What this task involves: Up to and including the line that contains "Sunscreen portrait and", repeat the entries below exactly from the first line on. Do not carry over any pictures.

Records shown:
-=-=-=-=-

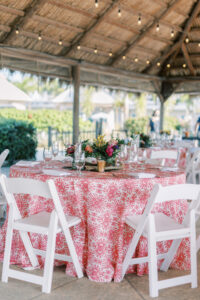 Lilly Pulitzer Inspired Tropical and Vibrant Wedding Tablescape with Pink and White Table Linen and White Chairs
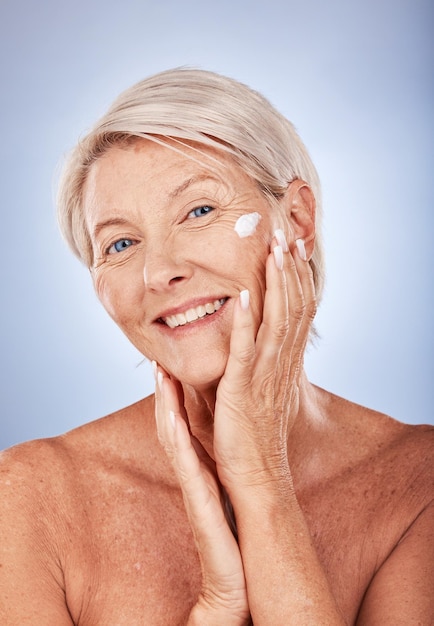 Sunscreen portrait and skincare senior woman in studio for beauty skin healthcare and antiaging wellness Elderly or old woman model cream product for facial skin care or dermatology advertising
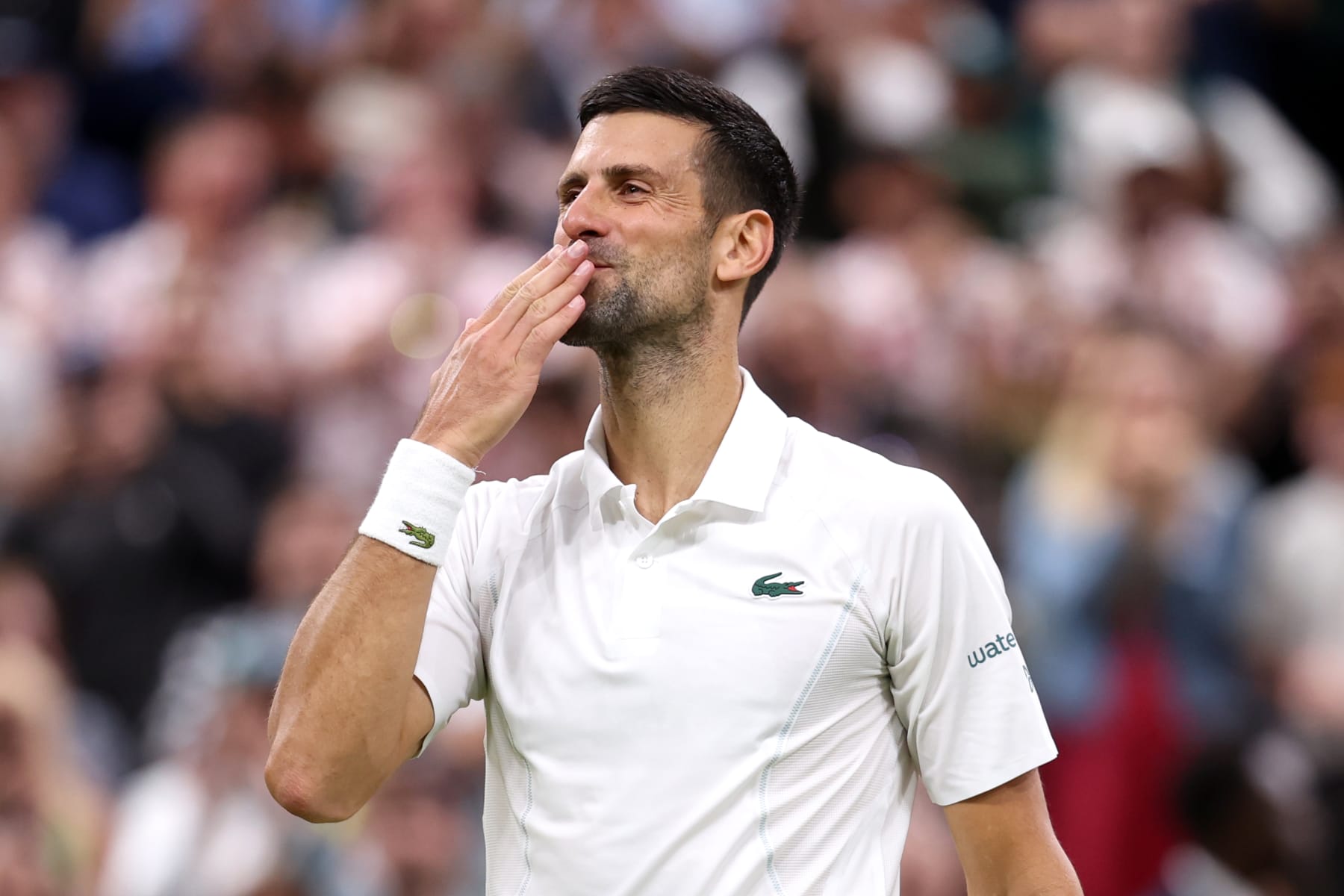 LONDON, ENGLAND - JULY 08: Novak Djokovic of Serbia blows a kiss as he celebrates winning match point against Holger Rune of Denmark in his Gentlemen's Singles fourth round match during day eight of The Championships Wimbledon 2024 at All England Lawn Tennis and Croquet Club on July 08, 2024 in London, England. (Photo by Julian Finney/Getty Images)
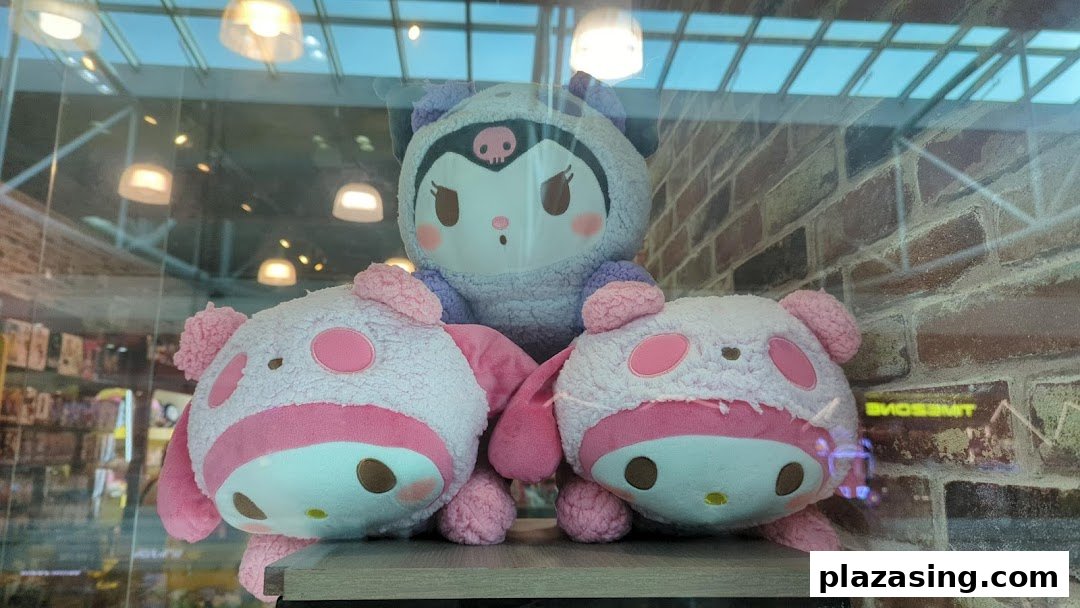Three large plush toys, including a Kuromi and two pink pig-like characters, displayed in a shop window.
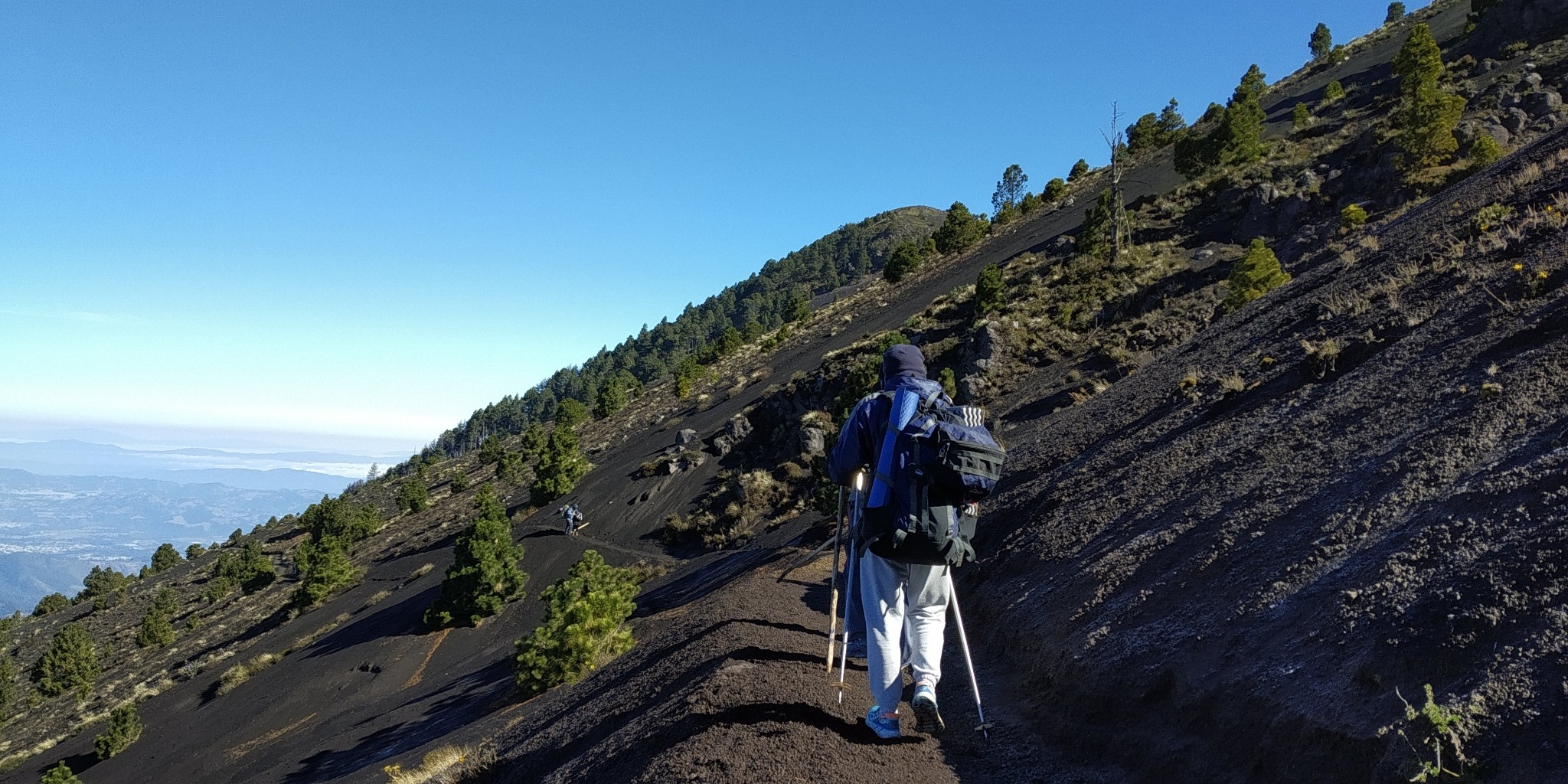 Hiker ascending a rocky mountain trail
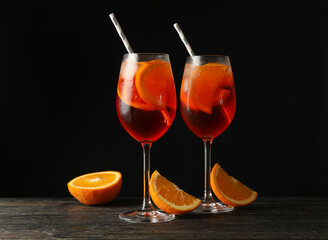 Composition with aperol spritz cocktail against black background
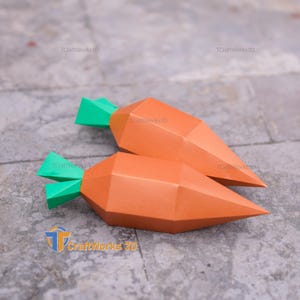 K&ouml;nnte beinhalten: Zwei orangefarbene Papierkarotten mit gr&uuml;nen Bl&auml;ttern liegen auf einer grauen Oberfl&auml;che. Die Karotten haben ein geometrisches, facettiertes Design. Das Logo "TCraftWorks3D" ist sichtbar.
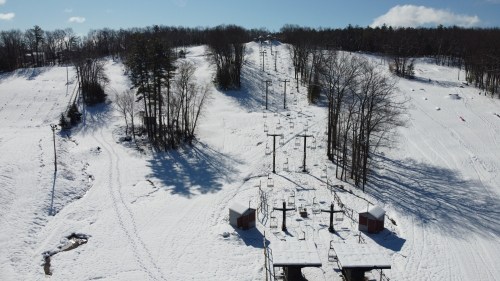 A snowy ski slope with chairlifts and trees under a clear blue sky. Shadows cast on the pristine white snow.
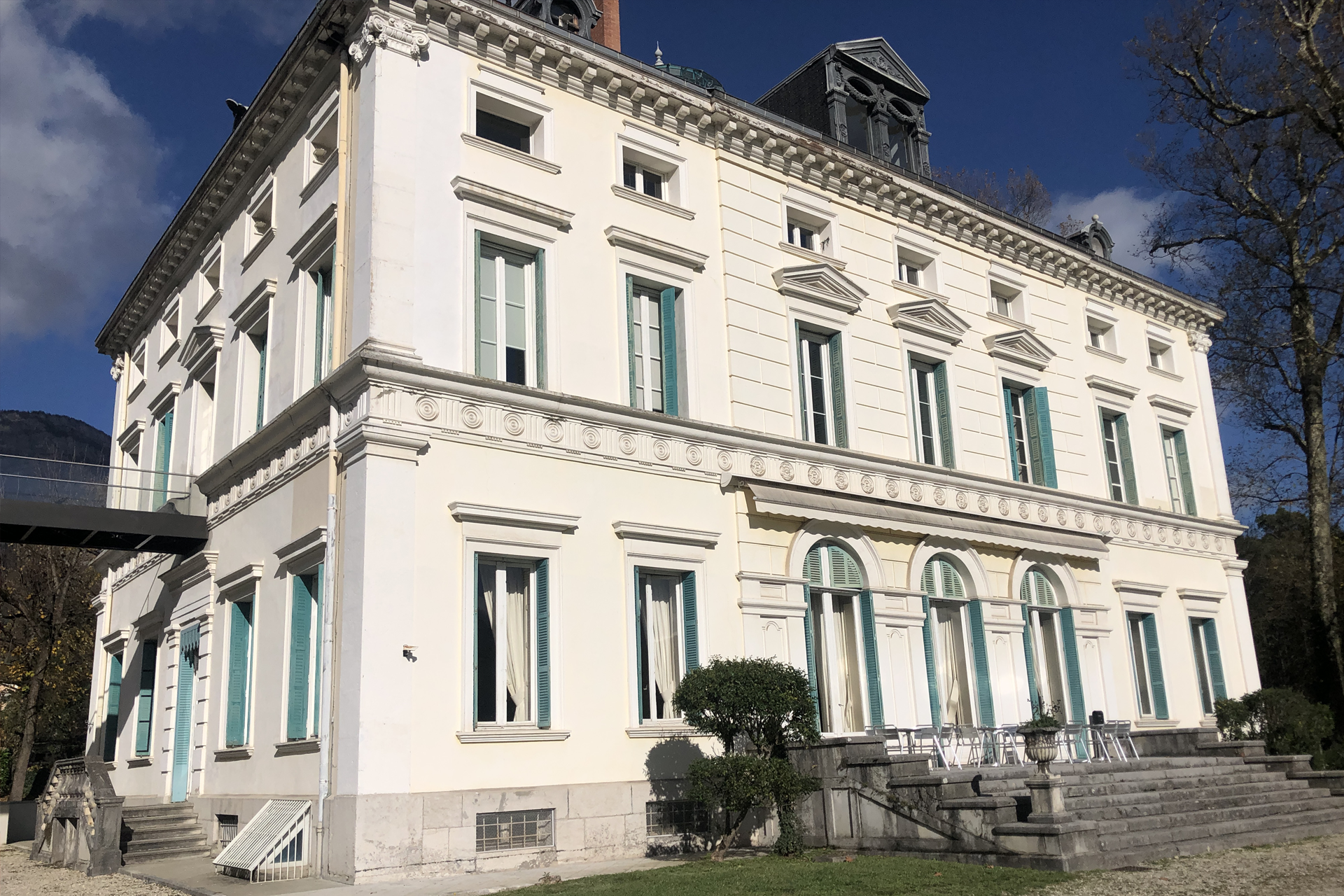Un grand bâtiment blanc avec beaucoup de fenêtres et d'escaliers devant.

-=-=-=-=-

Solution to the exercise:
 Lilly Pulitzer Inspired Tropical and Vibrant Wedding Tablescape with Pink and White Table Linen and White Chairs
 Sunscreen portrait and skincare senior woman in studio for beauty skin healthcare and antiaging wellness Elderly or old woman model cream product for facial skin care or dermatology advertising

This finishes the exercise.